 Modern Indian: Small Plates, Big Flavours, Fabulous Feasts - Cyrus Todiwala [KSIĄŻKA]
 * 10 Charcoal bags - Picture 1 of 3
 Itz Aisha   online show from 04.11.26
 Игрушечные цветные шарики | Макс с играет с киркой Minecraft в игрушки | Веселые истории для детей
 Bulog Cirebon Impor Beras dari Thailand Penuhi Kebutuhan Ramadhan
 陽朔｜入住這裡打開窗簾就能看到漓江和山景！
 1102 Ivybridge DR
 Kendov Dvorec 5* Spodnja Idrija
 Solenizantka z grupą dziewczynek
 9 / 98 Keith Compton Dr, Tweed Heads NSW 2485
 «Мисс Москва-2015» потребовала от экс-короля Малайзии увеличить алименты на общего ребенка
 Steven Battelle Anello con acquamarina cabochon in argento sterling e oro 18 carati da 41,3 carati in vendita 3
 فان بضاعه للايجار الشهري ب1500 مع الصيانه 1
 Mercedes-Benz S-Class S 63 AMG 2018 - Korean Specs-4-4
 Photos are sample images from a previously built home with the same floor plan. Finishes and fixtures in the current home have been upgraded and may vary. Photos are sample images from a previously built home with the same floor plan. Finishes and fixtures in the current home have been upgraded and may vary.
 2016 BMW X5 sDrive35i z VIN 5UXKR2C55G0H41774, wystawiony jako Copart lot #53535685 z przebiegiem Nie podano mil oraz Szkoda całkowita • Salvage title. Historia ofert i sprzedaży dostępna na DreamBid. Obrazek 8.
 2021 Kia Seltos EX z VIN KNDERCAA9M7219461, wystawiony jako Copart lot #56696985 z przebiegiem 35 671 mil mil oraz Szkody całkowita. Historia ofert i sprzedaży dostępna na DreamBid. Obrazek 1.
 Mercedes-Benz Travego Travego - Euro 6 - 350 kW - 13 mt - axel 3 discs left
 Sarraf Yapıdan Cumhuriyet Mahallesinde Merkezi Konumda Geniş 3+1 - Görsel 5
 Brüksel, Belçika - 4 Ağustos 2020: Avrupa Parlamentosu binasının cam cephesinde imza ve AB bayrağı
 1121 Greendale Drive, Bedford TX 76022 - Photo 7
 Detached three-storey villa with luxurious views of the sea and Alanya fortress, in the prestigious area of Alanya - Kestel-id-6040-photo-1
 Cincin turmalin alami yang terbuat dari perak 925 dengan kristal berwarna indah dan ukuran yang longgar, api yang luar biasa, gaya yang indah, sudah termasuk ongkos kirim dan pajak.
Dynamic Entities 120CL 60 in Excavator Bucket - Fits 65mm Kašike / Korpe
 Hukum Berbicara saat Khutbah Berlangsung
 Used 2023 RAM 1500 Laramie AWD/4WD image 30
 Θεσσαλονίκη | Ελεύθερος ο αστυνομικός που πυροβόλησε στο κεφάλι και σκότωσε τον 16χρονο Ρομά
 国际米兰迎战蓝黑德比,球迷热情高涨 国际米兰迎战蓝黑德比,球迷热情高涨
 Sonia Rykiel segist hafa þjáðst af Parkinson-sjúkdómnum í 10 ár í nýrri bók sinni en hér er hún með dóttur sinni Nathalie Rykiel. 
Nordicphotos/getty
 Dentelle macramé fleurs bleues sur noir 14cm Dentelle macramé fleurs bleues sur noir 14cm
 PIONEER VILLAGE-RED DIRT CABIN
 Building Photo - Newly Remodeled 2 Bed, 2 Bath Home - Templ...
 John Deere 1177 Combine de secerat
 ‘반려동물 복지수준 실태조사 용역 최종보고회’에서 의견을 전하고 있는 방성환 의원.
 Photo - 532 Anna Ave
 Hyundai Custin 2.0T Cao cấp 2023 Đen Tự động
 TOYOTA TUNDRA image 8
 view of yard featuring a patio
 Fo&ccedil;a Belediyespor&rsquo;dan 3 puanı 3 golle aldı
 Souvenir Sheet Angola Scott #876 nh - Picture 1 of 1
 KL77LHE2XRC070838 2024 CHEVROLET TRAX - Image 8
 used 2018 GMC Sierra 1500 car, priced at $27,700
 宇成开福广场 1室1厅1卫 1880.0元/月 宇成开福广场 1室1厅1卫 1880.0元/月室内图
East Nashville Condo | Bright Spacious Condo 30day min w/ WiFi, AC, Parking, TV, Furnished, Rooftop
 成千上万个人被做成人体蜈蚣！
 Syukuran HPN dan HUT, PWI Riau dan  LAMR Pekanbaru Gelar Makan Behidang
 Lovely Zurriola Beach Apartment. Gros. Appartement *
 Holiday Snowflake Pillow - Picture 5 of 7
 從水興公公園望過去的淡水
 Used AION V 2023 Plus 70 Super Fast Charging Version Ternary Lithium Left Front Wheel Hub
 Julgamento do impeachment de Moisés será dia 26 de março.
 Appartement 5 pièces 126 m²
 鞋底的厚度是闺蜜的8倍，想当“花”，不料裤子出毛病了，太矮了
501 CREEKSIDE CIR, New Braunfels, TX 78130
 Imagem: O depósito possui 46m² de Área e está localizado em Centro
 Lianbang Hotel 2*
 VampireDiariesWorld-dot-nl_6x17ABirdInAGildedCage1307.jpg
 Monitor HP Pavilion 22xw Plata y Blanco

========

**Problem requirements:** Beginning at the first line of the records, give again each line exactly as written, ending with the line that contains "may vary. Photos".

**Written response:**
 Modern Indian: Small Plates, Big Flavours, Fabulous Feasts - Cyrus Todiwala [KSIĄŻKA]
 * 10 Charcoal bags - Picture 1 of 3
 Itz Aisha   online show from 04.11.26
 Игрушечные цветные шарики | Макс с играет с киркой Minecraft в игрушки | Веселые истории для детей
 Bulog Cirebon Impor Beras dari Thailand Penuhi Kebutuhan Ramadhan
 陽朔｜入住這裡打開窗簾就能看到漓江和山景！
 1102 Ivybridge DR
 Kendov Dvorec 5* Spodnja Idrija
 Solenizantka z grupą dziewczynek
 9 / 98 Keith Compton Dr, Tweed Heads NSW 2485
 «Мисс Москва-2015» потребовала от экс-короля Малайзии увеличить алименты на общего ребенка
 Steven Battelle Anello con acquamarina cabochon in argento sterling e oro 18 carati da 41,3 carati in vendita 3
 فان بضاعه للايجار الشهري ب1500 مع الصيانه 1
 Mercedes-Benz S-Class S 63 AMG 2018 - Korean Specs-4-4
 Photos are sample images from a previously built home with the same floor plan. Finishes and fixtures in the current home have been upgraded and may vary. Photos are sample images from a previously built home with the same floor plan. Finishes and fixtures in the current home have been upgraded and may vary.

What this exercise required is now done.